子どもたちの出自に関する権利を尊重し、病院と市は検討会を設置している。

熊本・慈恵病院の「ゆりかご」23年度は9人、中部や関東からも

 熊本市は29日、親が育てられない子どもを預かる慈恵病院(熊本市西区)の「こうのとりのゆりかご」に、2023年度は9人が預けられたと公表した。市の要保護児童対策地域協議会代表者会議に報告した。07年の開設からの累計は179人となった。

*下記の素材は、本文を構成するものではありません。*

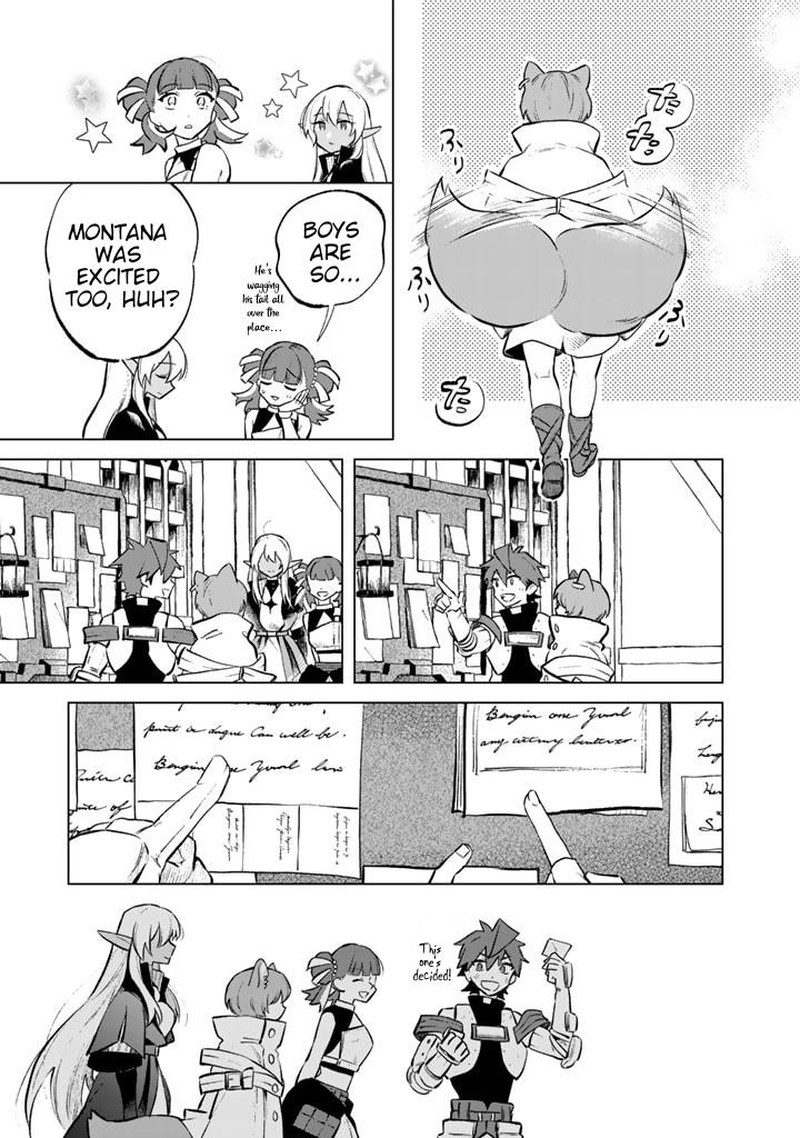 Watashi No Kokoro Wa Oji San De Aru Chapter 7 Page 13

 預けられたのは男児が4人、女児が5人。生後1カ月未満の新生児が7人で、うち4人は生後7日未満だった。

 出産場所は自宅が4件、医療機関が3件、不明が2件。父母らの居住地は中部、関東がそれぞれ2件、熊本県内が1件、不明が4件。孤立出産や出産直後の長距離移動など、母子の健康に危険が伴う課題が残されているという。

 協議会には学識経験者など5人の委員で構成される「こうのとりのゆりかご」専門部会があり、運用について検証した。子どもの安全確保の面で特に問題の発生は確認されず、公的な相談機関と適切に連携している、などと評価した。

 開設から17年を数え、預け入れられた子どもたちが自らの出自を病院に尋ねることも増えてきた。病院と熊本市は「出自を知る権利」に関する検討会を設置し、問題点の整理などを進めている。大西一史市長は「子どもたちの思いに丁寧に寄り添っていくことができるよう検討を進めていく」とコメントした。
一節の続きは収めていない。